EU, G7 Pledge More Military Aid To Ukraine As Russia Pounds Infrastructure

The world’s leading economies have pledged to send more military aid to Ukraine to bolster Kyiv’s military capabilities after President Volodymyr Zelenskiy appealed to a meeting of the Group of Seven (G7) for modern tanks, artillery, and long-range weapons.
The G7 promised to “meet Ukraine’s urgent requirements” after Zelenskiy spoke with the leaders of Britain, Canada, France, Germany, Italy, Japan, and the United States in the virtual meeting.
Zelenskiy also urged the G7 to help Kyiv obtain an extra 2 billion cubic meters of natural gas in light of energy shortages as millions in the country are without power in subzero temperatures after further Russian air strikes on critical infrastructure.
Separately, European Union foreign ministers meeting in Brussels agreed on December 12 to put another 2 billion euros ($2.1 billion) into a fund that has been used to pay for military support for Ukraine, after it was largely depleted during almost 10 months of the war.
EU foreign policy chief Josep Borrel, said more top-ups may be possible at a later stage.
“Today’s decision will ensure that we have the funding to continue delivering concrete military support to our partners’ armed forces,” Borrell said in Brussels.
In their monthly meeting, EU foreign ministers also tried to agree on further sanctions on Russia but failed. Negotiations are to continue on December 13.

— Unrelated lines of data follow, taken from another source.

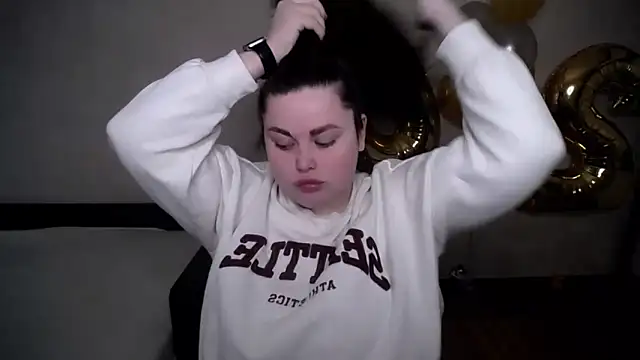 Emily Mo online show from April 28, 2026, 7:57 am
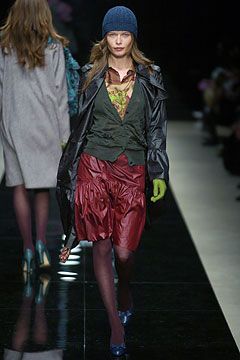 Burberry F/W 04 Look 85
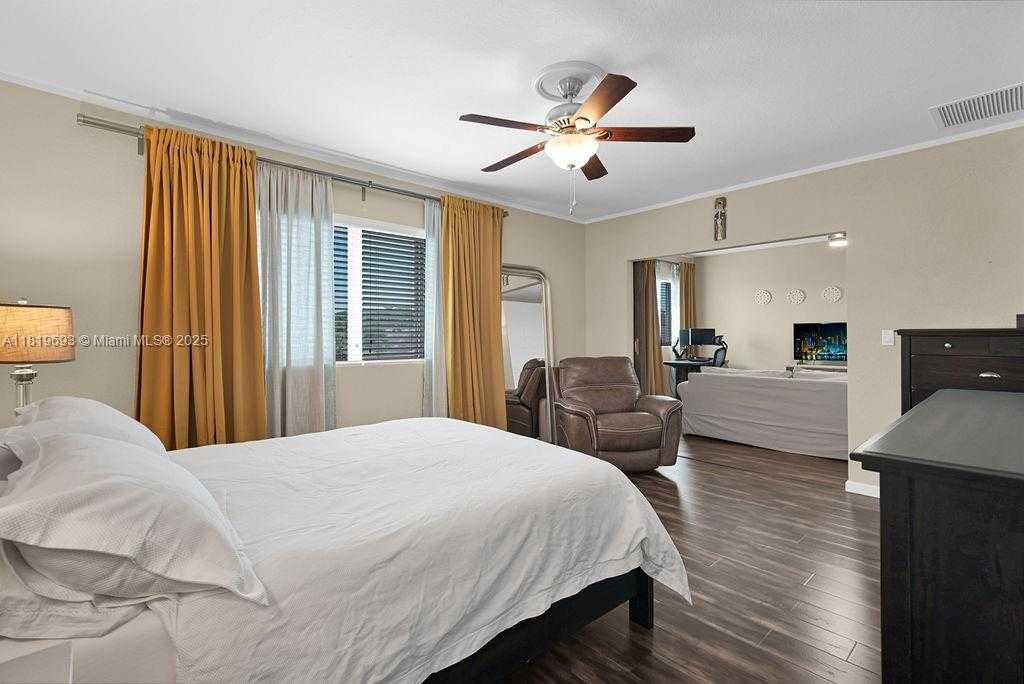 Small Image of 8986 SOUTH WEST 214TH TER, Cutler Bay Number 41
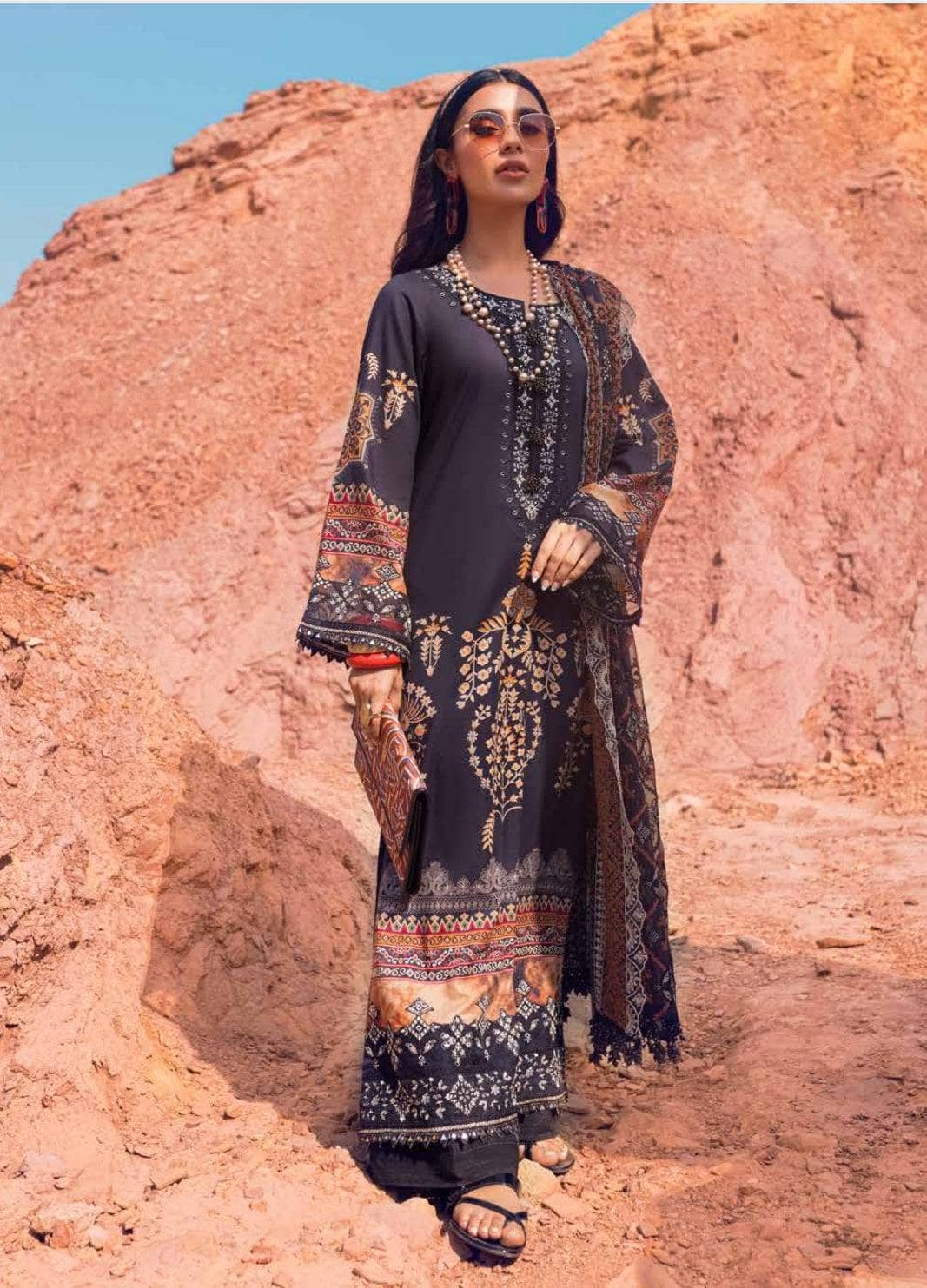 img_nureh_maya_lawn_22_awwal_boutique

Heavy fighting continued in eastern Ukraine as Russian forces targeted more civilian and energy infrastructure.
In the eastern regions of Donetsk and Luhansk, where Moscow’s forces have been pounding Ukrainian positions with artillery, missiles, and drones, Russians launched two missile strikes on the industrial city of Kostyantynyivka, while in the south they targeted the recently liberated city of Kherson with dozens of rocket salvos, Ukraine’s General Staff said on December 12.
The General Staff said that Russian forces in Luhansk “continue to use civilians as human shields, placing military equipment and setting up firing positions near residential buildings where the civilian population lives.”
A senior U.S. military official said Russia was turning to decades-old ammunition with high failure rates as it draws from its aging ammunition stockpiles.
Some of the older ammunition being used was produced more than 40 years ago, the official said, speaking to reporters on condition of anonymity.
The United States has accused Russia of turning to Iran and North Korea for more ammunition as it exhausts its regular supplies.
Ukraine’s Black Sea port of Odesa on December 12 resumed operations suspended after Russia used Iranian-made drones on December 10 to hit two energy facilities. Power is slowly being restored to some 1.5 million people, but the situation remains difficult, national grid operator Ukrenerho said.
On December 11, U.S. President Joe Biden spoke with his Ukrainian counterpart, Volodymyr Zelenskiy, reiterating Washington’s strong support for Kyiv, the White House said.
During his call with Zelenskiy, Biden underscored “ongoing U.S. support for Ukraine’s defense as Russia continues its assaults on Ukraine’s critical infrastructure,” a White House statement said.
Biden “reaffirmed the U.S. commitment to continue providing Ukraine with security, economic, and humanitarian assistance, holding Russia accountable for its war crimes and atrocities, and imposing costs on Russia for its aggression,” the statement said.
The White House highlighted recent U.S. aid packages to Ukraine, including $53 million for Ukraine’s energy infrastructure announced in November and a $275-million package consisting of ammunition and equipment.
On Twitter, Zelenskiy said he thanked Biden for the recent security package in a “fruitful conversation,” adding that they “discussed further defense cooperation, protection, and maintenance of our energy sector.”

But Ukrainian Prime Minister Denys Shmyhal asked for more substantial military aid, appealing for Patriot missile batteries and other high-tech air-defense systems to counter Russian attacks.
Shmyhal on December 12 told French broadcaster LCI that Russia wants to swamp Europe with a new wave of Ukrainian refugees by its targeting of infrastructure in Ukraine.